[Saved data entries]

........

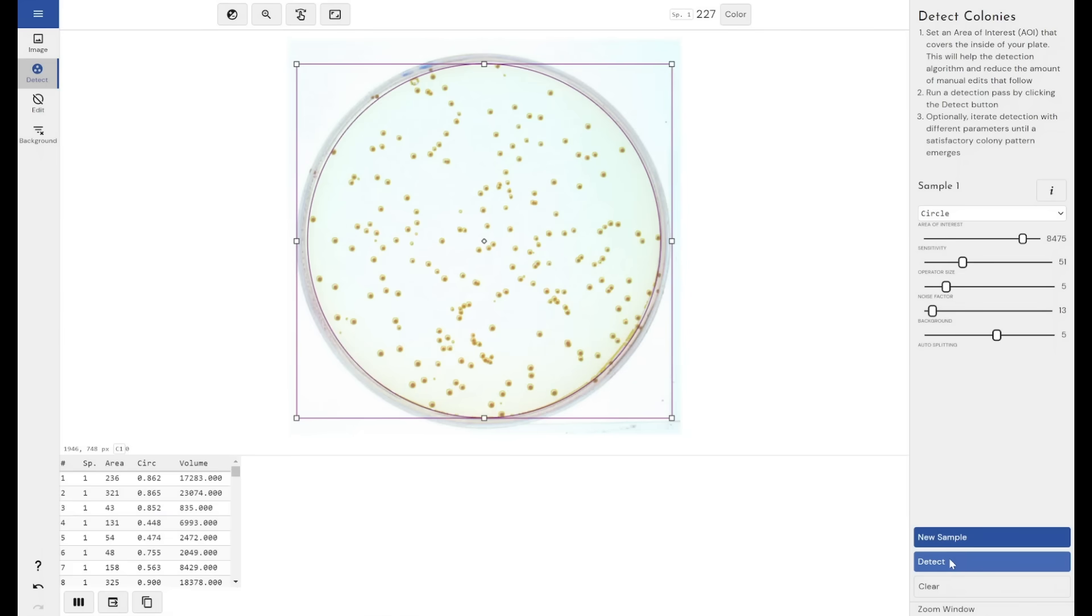If I click detect here, you can see that we've now got circles marking the boundaries of the colonies that have been detected by the software. We start to get measurements from our colonies.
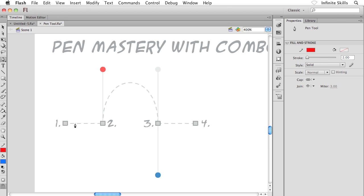This first shape is going to have a straight path, then a curve in the middle, then back to a straight path segment. It's actually relatively straightforward. I'm going to start on number one and single click to create the anchor point. Going over to number two, I want a perfectly straight line, so I'll hold down Shift and click. There's that first segment.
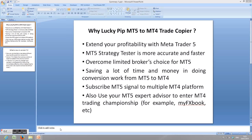This is a tutorial again. Last time I recorded one video tutorial for this LuckyPIP MT5 to MT4 trade copier, but then I realized the sound was lagging with the video, so I decided to record two short video clips instead of one long video clip. So here is the first part.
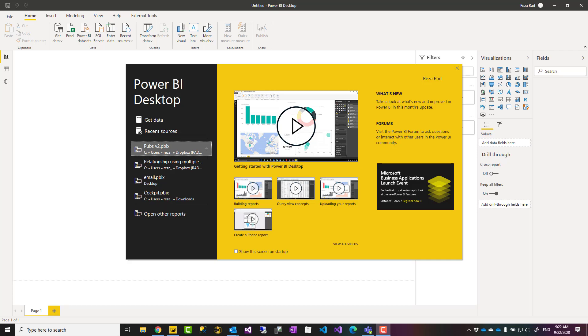Hello, this is Reza Rad from Radacad. In this video series, I'm going to explain how to get started with Power BI Desktop. If this is your first time building a Power BI solution, we'll go through building a sample Power BI report and dashboard with an example.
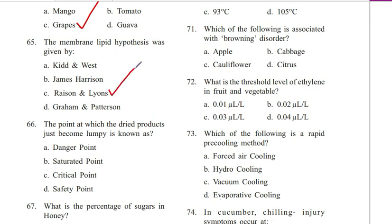Question 66. The point at which dried products just become lumpy is known as: danger point, saturated point, critical point, or safety point. The answer is critical point, C.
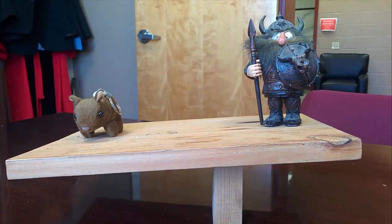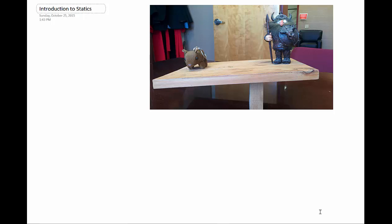I'd like to take you to the whiteboard and go through how we actually solve these types of problems. We already have some experience with problems like these. What we're interested in is looking at problems where the acceleration is equal to zero. We already know what our first set of conditions is going to be, which is our force conditions. You need to start out with your force conditions.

........

Exercise instructions: Transcribe the records above exactly as they appear, leaving out any pictures.

Answer to this task:
If I click detect here, you can see that we've now got circles marking the boundaries of the colonies that have been detected by the software. We start to get measurements from our colonies.
This first shape is going to have a straight path, then a curve in the middle, then back to a straight path segment. It's actually relatively straightforward. I'm going to start on number one and single click to create the anchor point. Going over to number two, I want a perfectly straight line, so I'll hold down Shift and click. There's that first segment.
This is a tutorial again. Last time I recorded one video tutorial for this LuckyPIP MT5 to MT4 trade copier, but then I realized the sound was lagging with the video, so I decided to record two short video clips instead of one long video clip. So here is the first part.
Hello, this is Reza Rad from Radacad. In this video series, I'm going to explain how to get started with Power BI Desktop. If this is your first time building a Power BI solution, we'll go through building a sample Power BI report and dashboard with an example.
Question 66. The point at which dried products just become lumpy is known as: danger point, saturated point, critical point, or safety point. The answer is critical point, C.
I'd like to take you to the whiteboard and go through how we actually solve these types of problems. We already have some experience with problems like these. What we're interested in is looking at problems where the acceleration is equal to zero. We already know what our first set of conditions is going to be, which is our force conditions. You need to start out with your force conditions.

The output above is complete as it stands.